Тут потребовались сложные объяснения: когда Касторп увидел на доске объявлений некролог, сообщающий о «трагической смерти преданного академическому сообществу сотрудника», в вестибюле шептались, будто некий Пауль Котский, занявший место канцеляриста, в какой-то мере послужил причиной его самоубийства. Старика нашли на чердаке его маленького кирпичного домика: он болтался на бельевой веревке, якобы с приколотой к рукаву короткой, написанной от руки на двух языках запиской: «Дольше я этого не вынесу!» Речь будто бы шла об интригах — Котский, несмотря на польскую фамилию, поляком не был и так отравлял жизнь канцеляристу Нойгебауэру из-за его польского акцента, что тот в конце концов не выдержал и покончил с собой. Церковь сочла эту смерть «несчастным случаем», а Касторп, которого суть дела не очень интересовала, пошел на похороны из чувства долга. Ведь канцелярист был первым, кого он встретил в будущей alma mater сразу после приезда. Каково же было его удивление, когда на загородном кладбище, кроме Хуго Виссмана, помощника покойного, который нес за гробом скромный венок от Императорско-королевского высшего технического училища, он не увидел больше никого из политехникума. А среди окруживших открытую могилу родственников канцеляриста, стоявших двумя отдельными группами, уловил нешуточное напряжение.
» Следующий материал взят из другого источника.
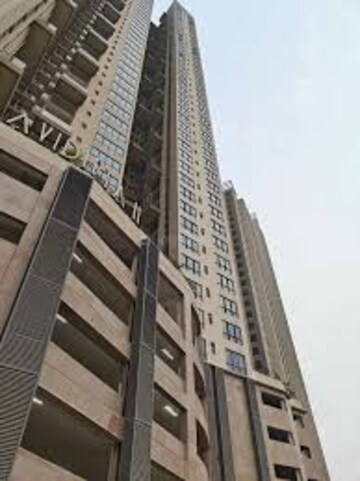 3 BHK Apartment – Exterior View View at Bengal Peerless Avidipta, Em Bypass - for Rent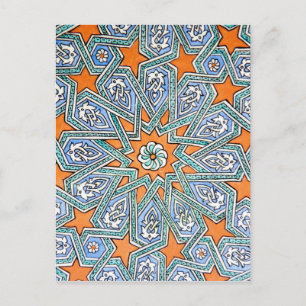 Turkish Delight Postcard
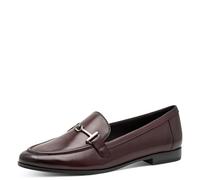 MARCO TOZZI Slipper 2-24246-45, Mocasín Mujer, Burdeos, 37 EU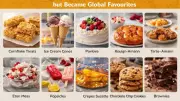 From Kitchen Blunders to Global Favorites: The Accidental Origins of Iconic Desserts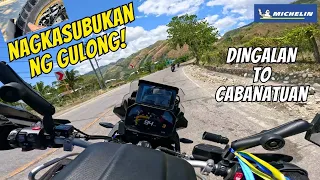 TESTED ANG GULONG sa Dingalan│Michelin Anakee Adventure│Part 2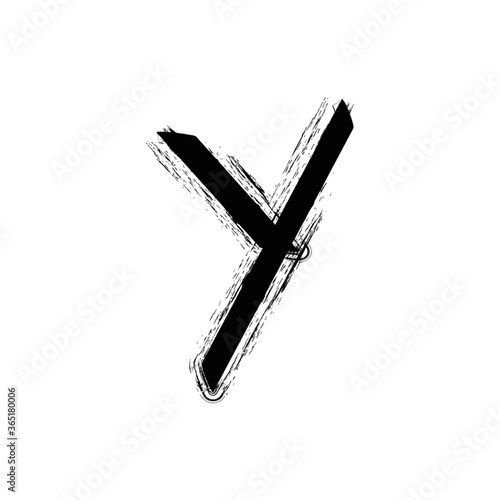 alphabet y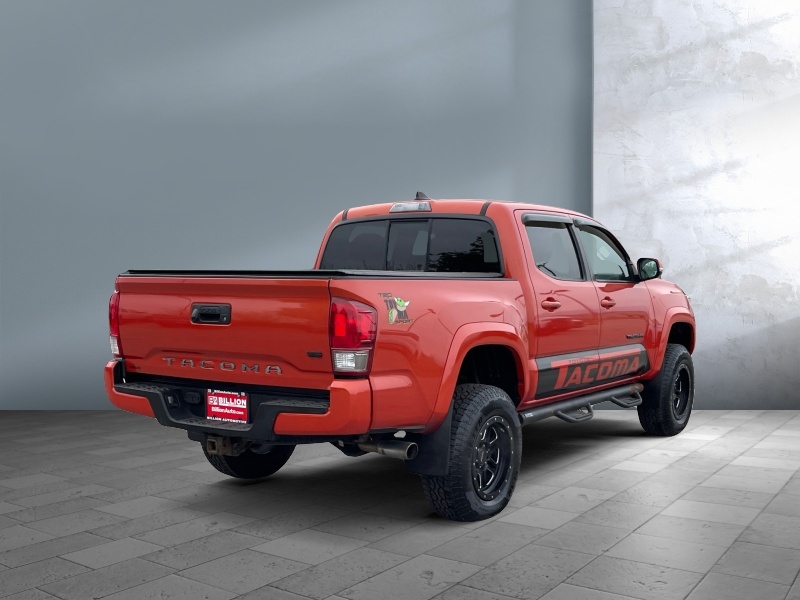2016 Toyota Tacoma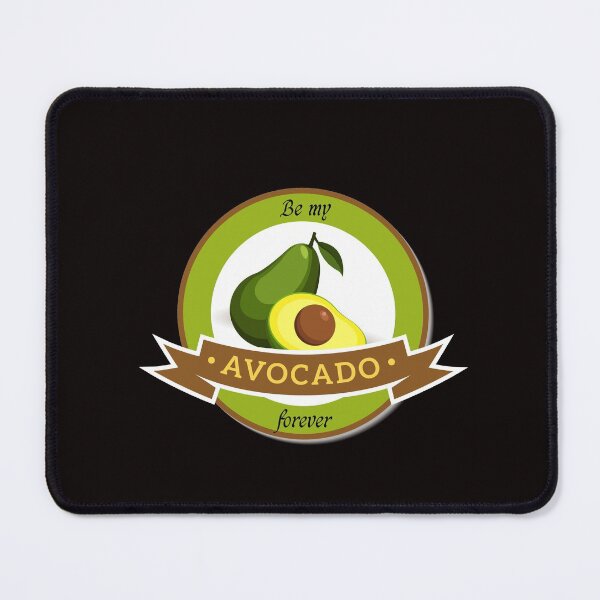 Item preview, Be My Avocado Forever designed and sold by Vireltoo.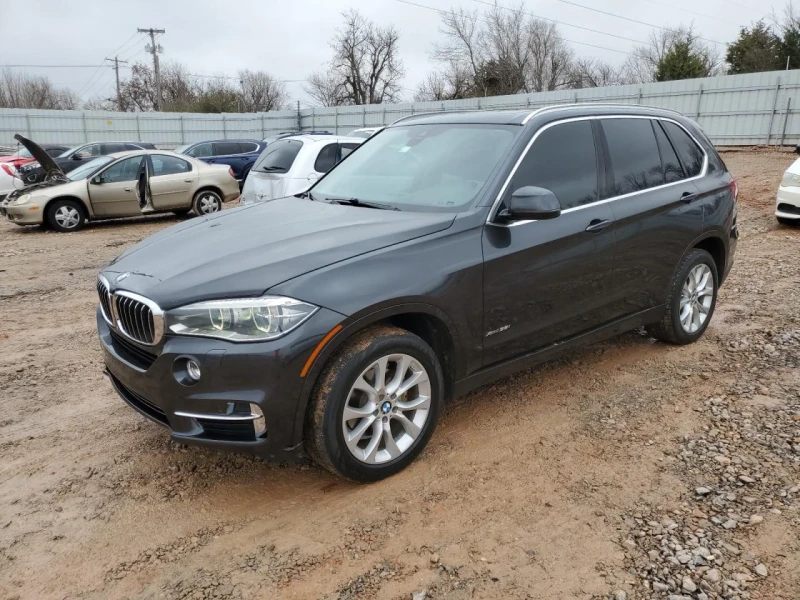 BMW X5, снимка 2 - Автомобили и джипове - 48801980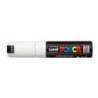 ROTULADOR MARCA UNI POSCA PC-8K BLANCO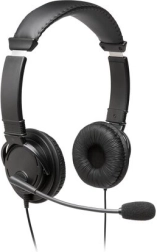 USB Hi‑Fi Headset with Microphone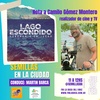 Logo Nota a Camilo Gómez Montero, sobre el documental "Lago Escondido"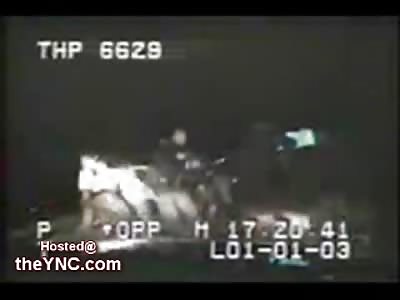 Police shoot the Family Dog in front of the horrified Family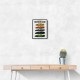 Lamborghini V12 Evolution Classic Modern Art Print
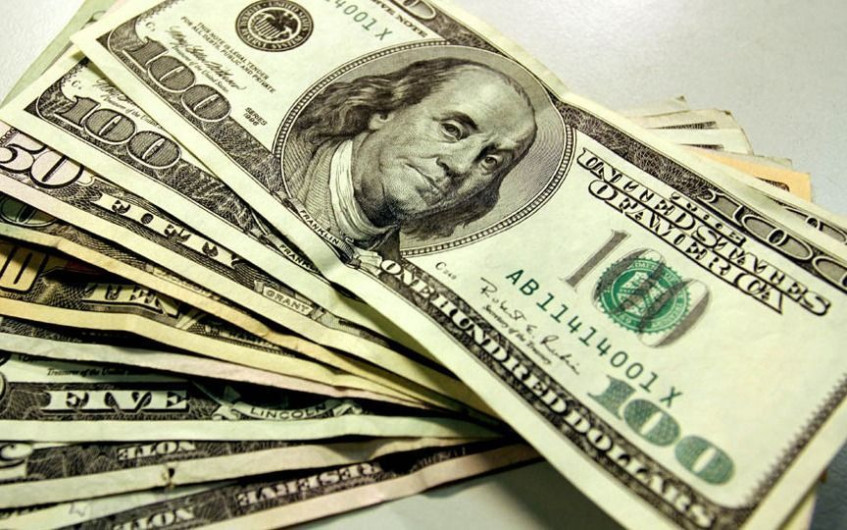 Dólar se cotiza a la venta en 18.57 pesos a la venta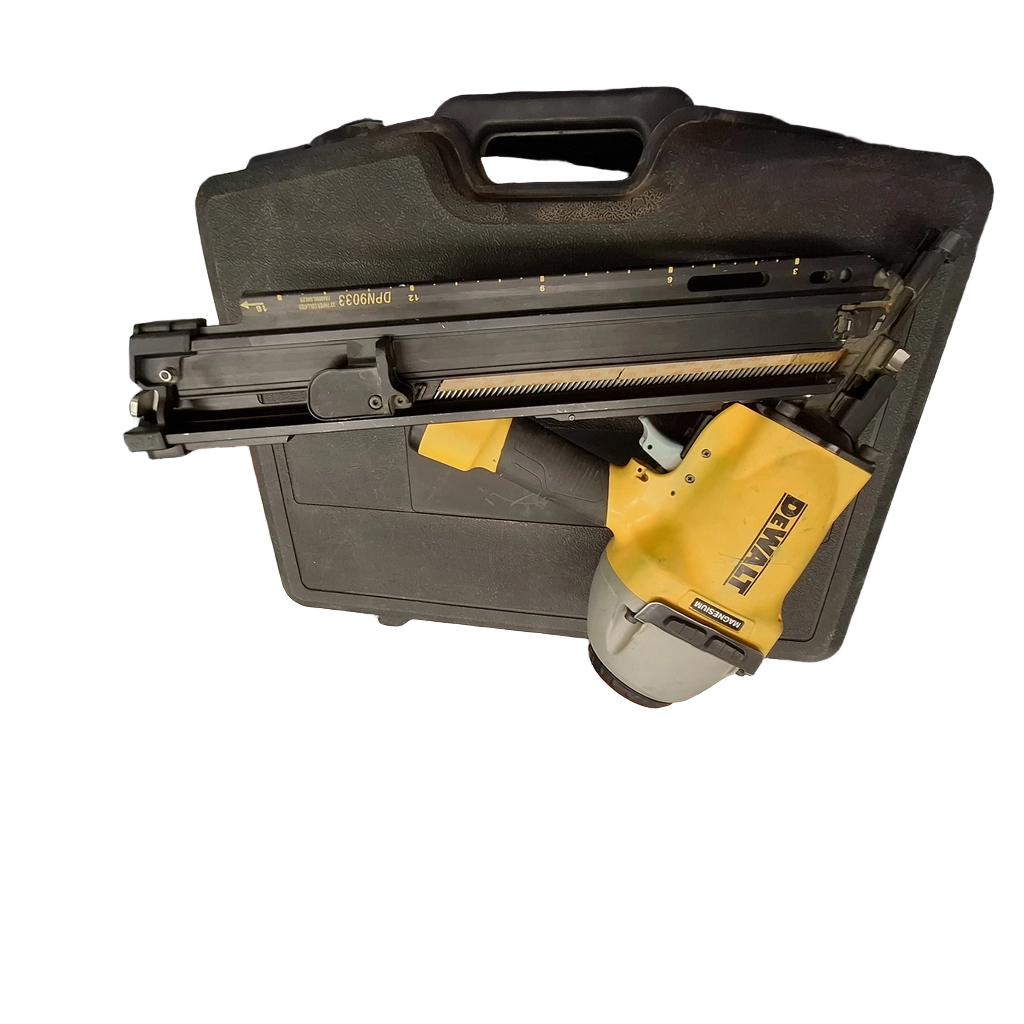 Dewalt DPN9033-1-XJ Pneumatic Framing Nail Gun (1434957) (JN)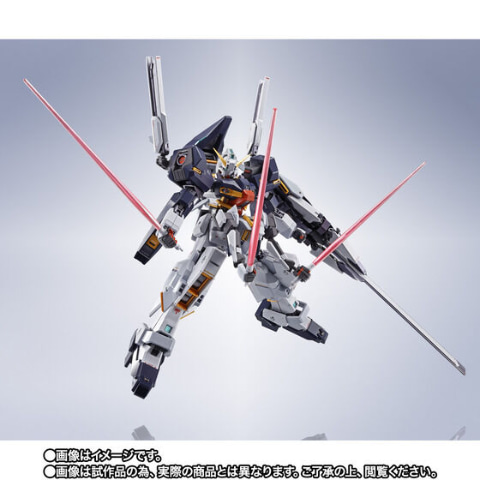 METAL ROBOT魂 ＜SIDE MS＞ ガンダムTR-1 ［ハイゼンスレイ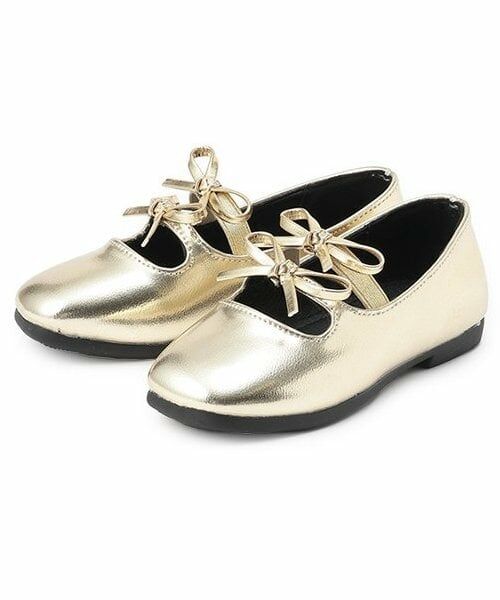 Lycee mine / リセマイン パンプス | ダブルリボンバレエシューズ | 詳細3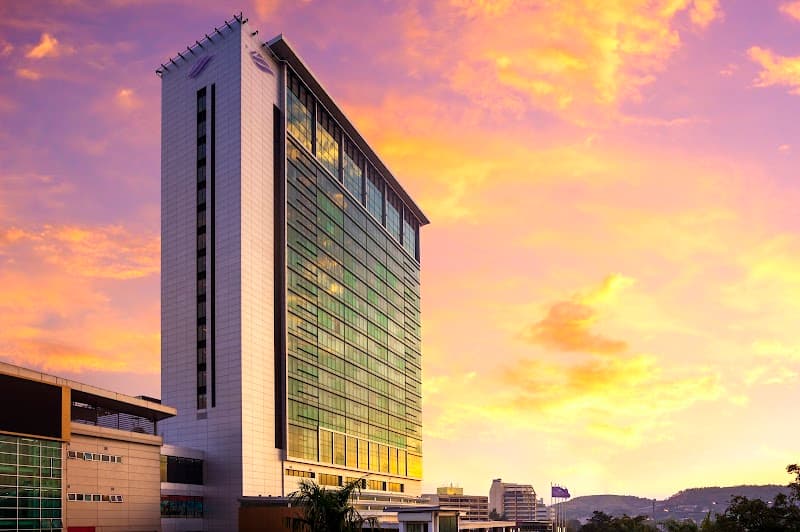 The Stanley Hotel & Suites Port Moresby photo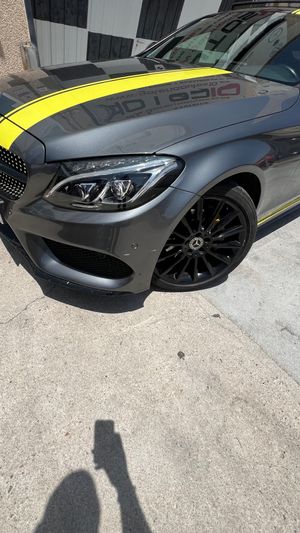 Mercedes Clase C Coupe 220 d 4MATIC   - Foto 3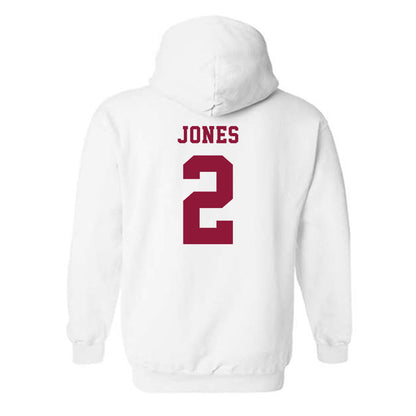 Henderson State - NCAA Women's Volleyball : Meadow Jones - Hooded Sweatshirt-1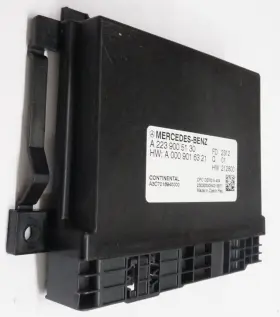 A2239005130 Mercedes Benz 2021-2024 W223 S580 Powertrain Control Module Oem A1 #2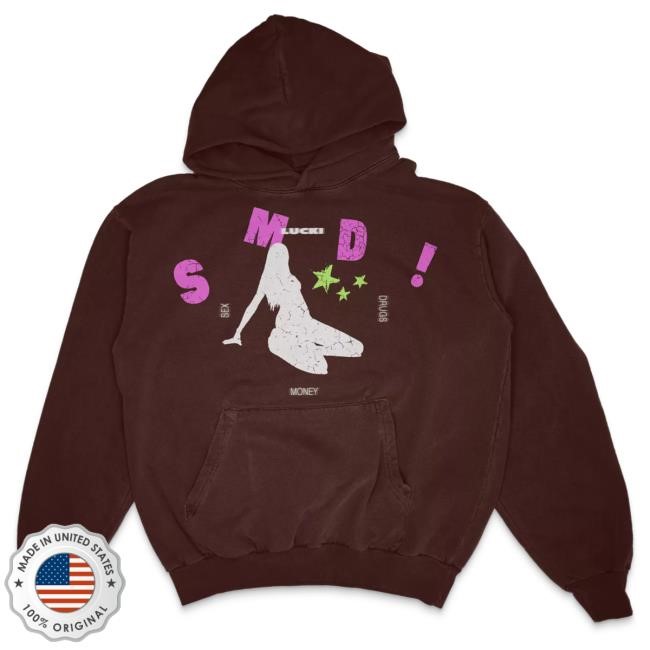 Flawless Lucki SMD Pullover Hoodie Flawless Lucki Merch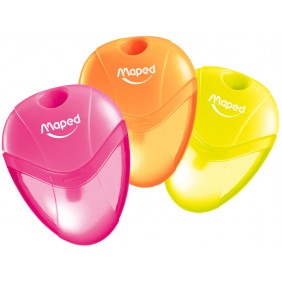 Drožtukas su talpykla MAPED...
Когда священник запел по-латыни, когда гроб соскользнул вниз, а провожающие покойного — те, что стояли слева, — принялись кидать в могилу комья земли и цветы, от второго полукруга, безмолвного и неподвижного, отделился невысокий мальчуган. Касторп сразу его узнал. Это был владелец модели «Пауля Бенеке», тот самый, что у запруды близ казарм произнес, обращаясь к нему, непонятную фразу и юркнул в заросли лопухов. Теперь, вполне прилично одетый, он бросил комок земли на гроб деда и вернулся обратно, но за этот поступок немедленно поплатился: какая-то женщина — то ли мать, то ли тетка — отвесила ему звонкую оплеуху, а он заплакал и стал кричать по-немецки: «За что? За что?»